The term is central to climate negotiations and is increasingly a part of our everyday lexicon when talking about climate change. Whereas some stress that net zero is all about reducing emissions as much as possible, others emphasise its link to the removal of harmful gasses from the atmosphere. This has led to a heated debate on which aspect should be prioritised and the implications of over-reliance on carbon removal.
What is certain is that although some sectors of the economy can aspire to function on absolute zero emissions others – such as agriculture, construction or aviation for example – will inevitably continue to emit climate altering gasses for the foreseeable future.
The net zero concept takes this into account by acknowledging the possibility of achieving negative emissions – and hence removing excess amounts from the atmosphere – through a variety of strategies, whilst continuing to emphasise the need to lower emissions as much as possible.
“Negative emissions is a central part of net zero because certain emissions have to be compensated. However, the number one priority must be lowering emissions. Compensating for whatever excess we generate can’t be a substitute for reducing emissions, it has to be a parallel action,” explains CMCC researcher Lucia Perugini.
However, between 2008 and 2018 alone, global carbon dioxide (C02) emissions, the main gas responsible for global warming, increased by 12% following a trend that has seen the levels of C02 found in the atmosphere increase by over 60% since 1992.

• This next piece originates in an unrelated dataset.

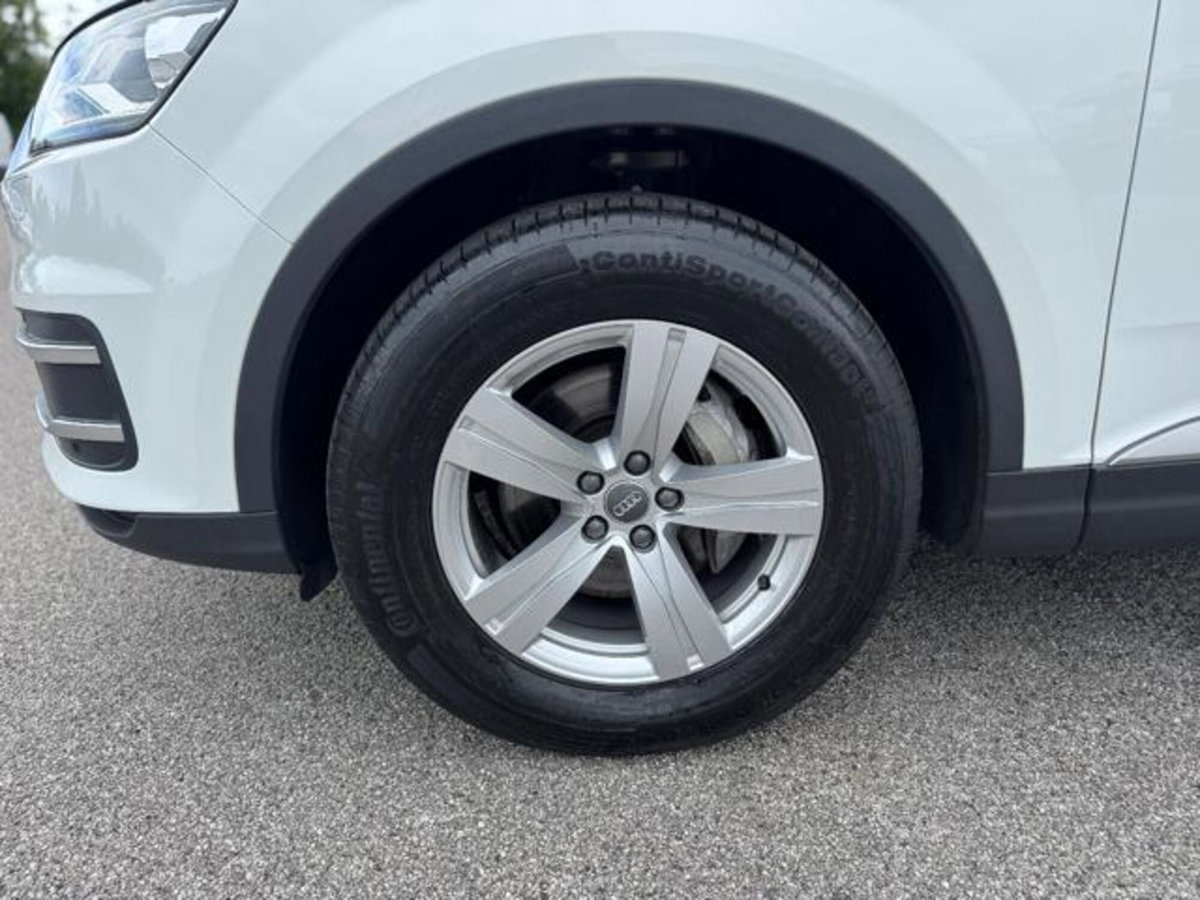 Audi Q7 3.0 TDI 272 CV quattro tiptronic Business (19)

So, how can we reach net zero in the coming decades if emissions continue to rise unabated? Policymakers are increasingly turning their attention to carbon removal strategies.

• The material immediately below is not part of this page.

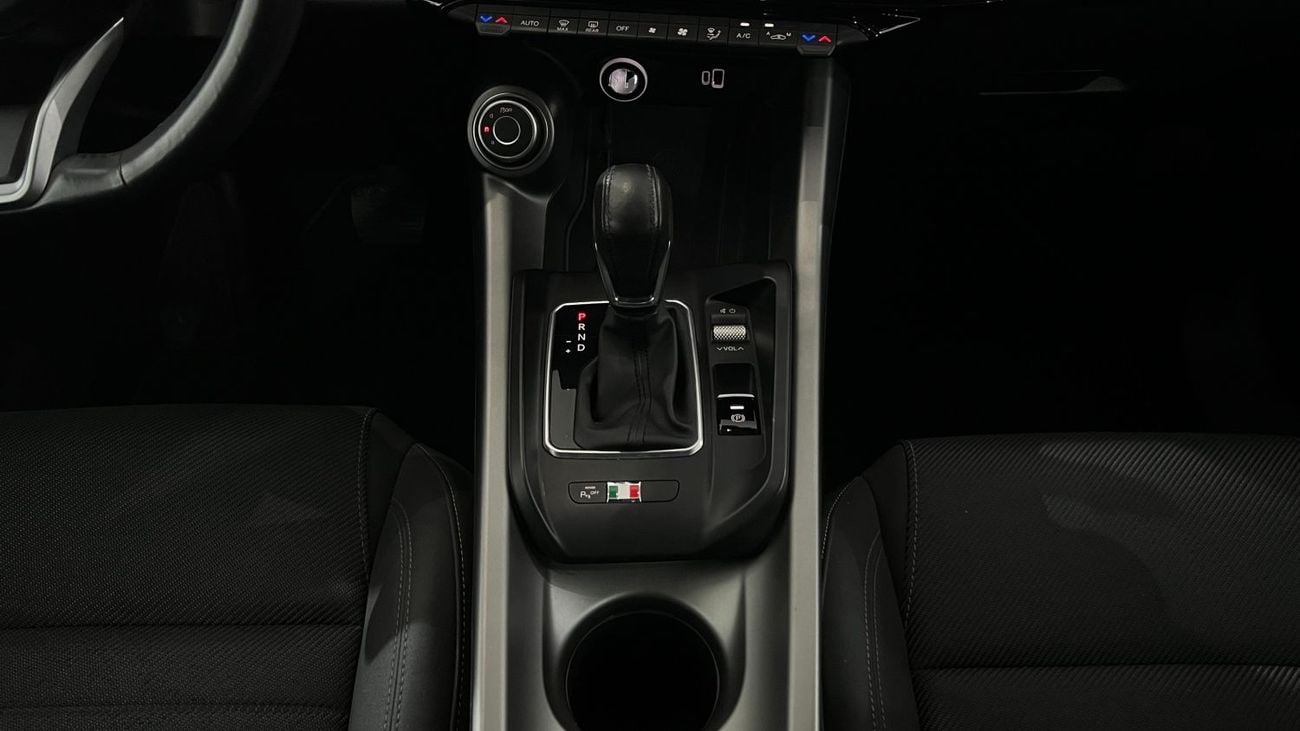 Alfa Romeo Tonale TI | 2024 | Alfa Weekend | 18-21 Sep | Gargash Warranty & Service | Free insurance | Finance from 0.99%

Carbon removal is achieved through a variety of methods that can be broken down into two groups: land-based approaches (such as restoring forests and boosting soil uptake of carbon) and technological approaches (such as direct air capture and storage or mineralization).

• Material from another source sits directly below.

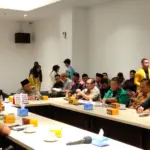 Suasana audiensi PPDI dengan DPRD Banyumas Komisi I, terkait penyelesaian persoalan Pemdes Klapagading Kulon, di Gedung DPRD Kabupaten Banyumas, Selasa (13/01/2026).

Net-zero implies a reduction of net emissions by reducing energy demand, decarbonising the energy system and removing carbon dioxide from the atmosphere
Harnessing the potential of both these methods is central to the net zero pledges being made by policymakers around the globe and goes hand in hand with reaching the Paris Agreement objectives.
What is net zero
In simple terms, net zero refers to the balance between the amount of greenhouse gas produced and the amount removed from the atmosphere. This doesn’t necessarily mean eliminating all greenhouse gas emissions but rather balancing any residual and inevitable ones with an equivalent uptake.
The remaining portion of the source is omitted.